Exercise description » Starting with the line that has "Vector retro poster" in the records below and stopping after the line that has "Air Duct Mice Removal McKinleyville - CA", output every line exactly and nothing else; skip pictures.

Data in this exercise »
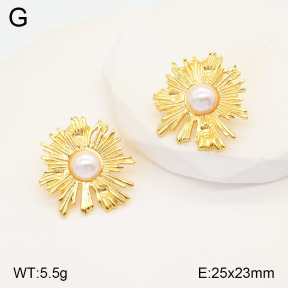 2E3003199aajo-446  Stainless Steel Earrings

==

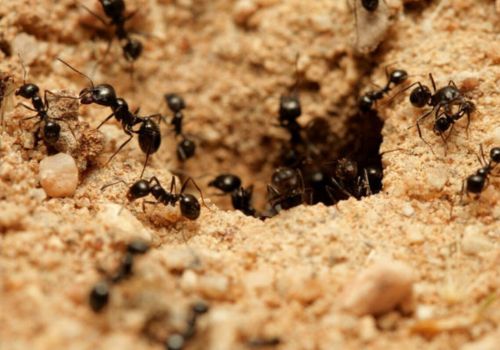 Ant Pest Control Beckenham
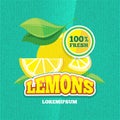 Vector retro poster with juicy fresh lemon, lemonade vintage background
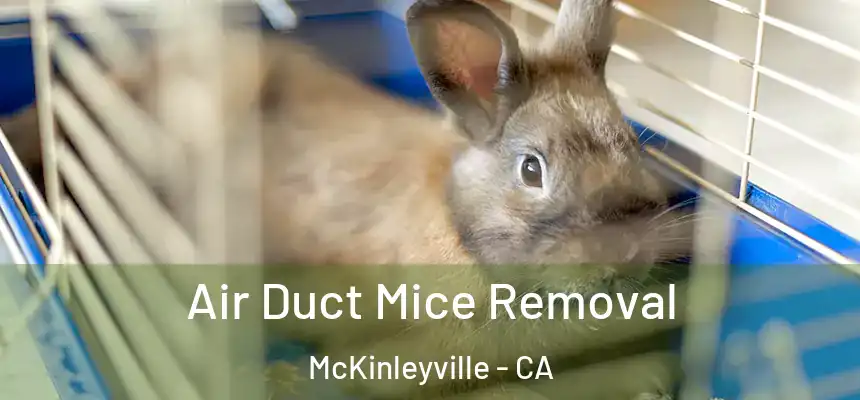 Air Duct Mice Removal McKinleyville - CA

Result of the exercise »
 Vector retro poster with juicy fresh lemon, lemonade vintage background
 Air Duct Mice Removal McKinleyville - CA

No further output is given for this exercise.